The Evolution of Seeing

I’m looking at the bookshelves in a bookstore. Fiction and non-fiction juxtaposed. It dawns on me how differently my “choosing self” treats the two literary ontologies. I trace their evolution within me and realize: over the years, fiction has come to matter more. I dig deeper—an archaeology of the self—and uncover a broader shift.

I used to take photos of monumental buildings, mountains, rocks—the solid, the grounded, the enduring, the “facts” of the world, the non-fiction.
Now, I chase clouds and the light playing on them. Ephemeral flowers. Not the buildings, but the cracks between them, and the geometry the sun briefly reveals by being suspended for a second in just the right spot.
I understand now why Monet painted the Rouen Cathedral at different times of day. And I find it strange that people still take photos of castles instead of clouds.

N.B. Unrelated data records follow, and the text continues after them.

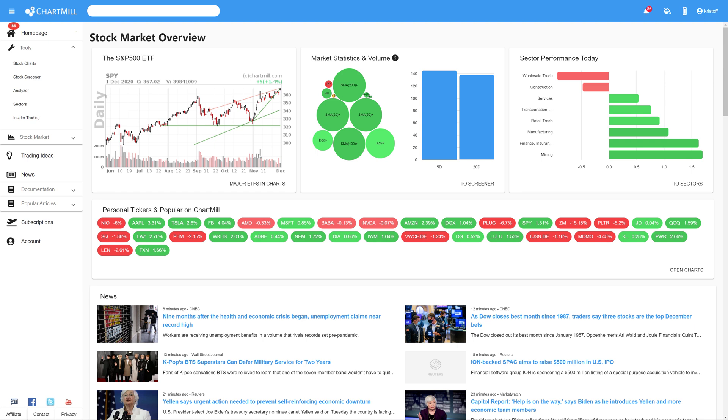Hello and welcome once again to Chartmill. In this episode on the channel I show you three different ways to find gap up and gap down stocks with the stock screener Chartmill.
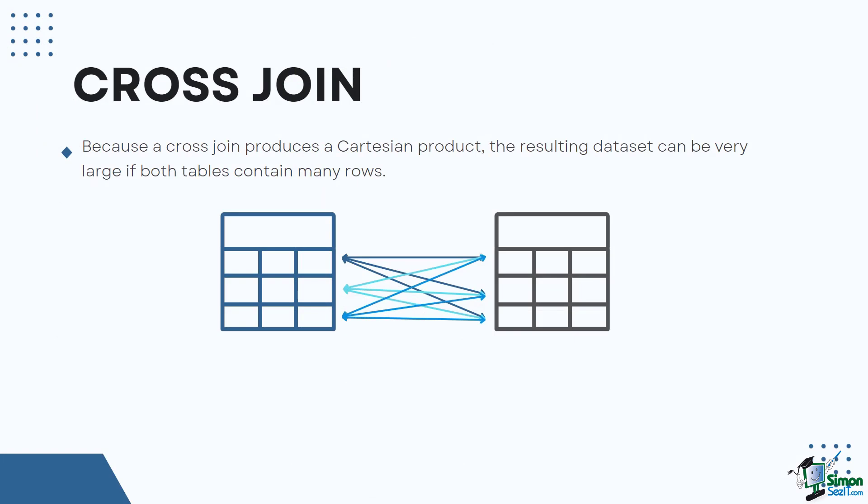Note that because a cross join produces a Cartesian product, the resulting dataset can be very large if both tables contain many rows. Be wary of the number of records that you are cross joining to prevent slower processing and out of disk errors.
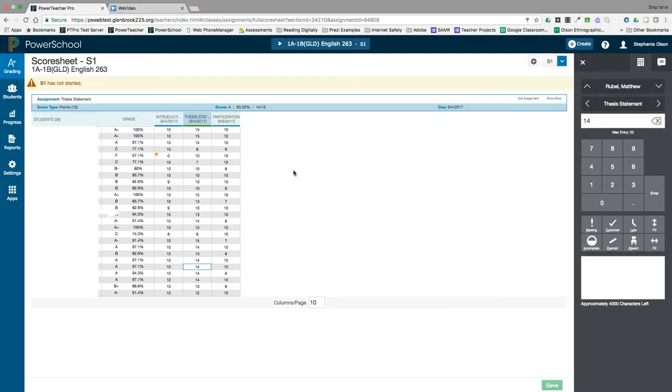There are several ways to view student grades in PowerTeacher Pro, both individually and as a class. The score sheet is what I would call the classic view of student grades. It contains names of assignments, scores, and overall averages.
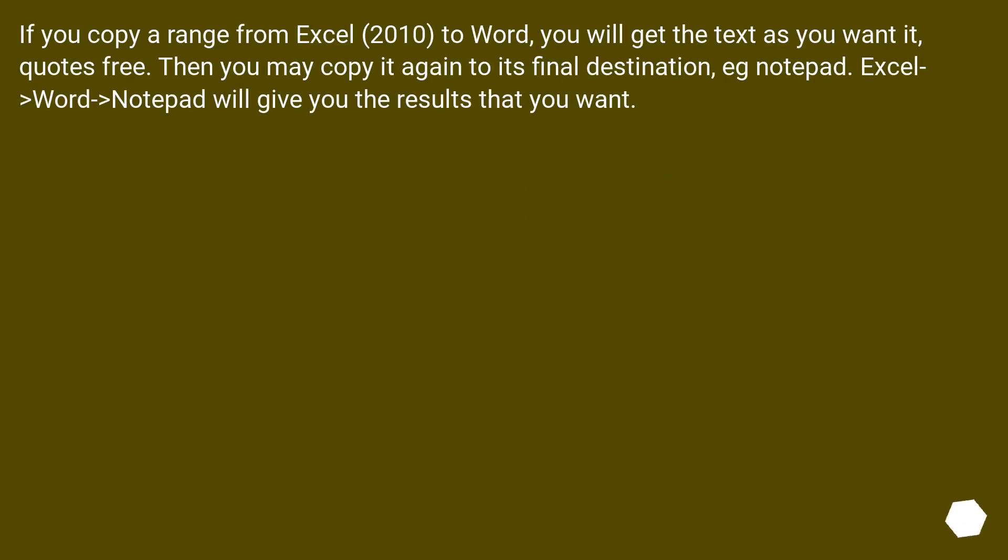If you copy a range from Excel 2010 to Word, you will get the text as you want it, quotes free. Then you may copy it again to its final destination, e.g. Notepad. Excel to Word to Notepad will give you the results that you want.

This change shows up in my writing too. Back then, I tried to capture things and phenomena as faithfully as I could. Here is a tower, made of brick, six hundred years ago.
Now, most of what I write is clouds, and the light playing on them, and flowers blooming in their cracks. Which is to say: I write about people. And what they carry inside.

2 comments

  1. […] If the feeling departs along with youth, a certain kind of emptiness remains. I have been grappling with this emptiness for a long time. Information reaches me, and I occasionally link it through logical relations and catalog it, yet it still fails to fill the library beneath the vault of my skull. This is perhaps why my writing is largely restricted to experience (The Evolution of Seeing). […]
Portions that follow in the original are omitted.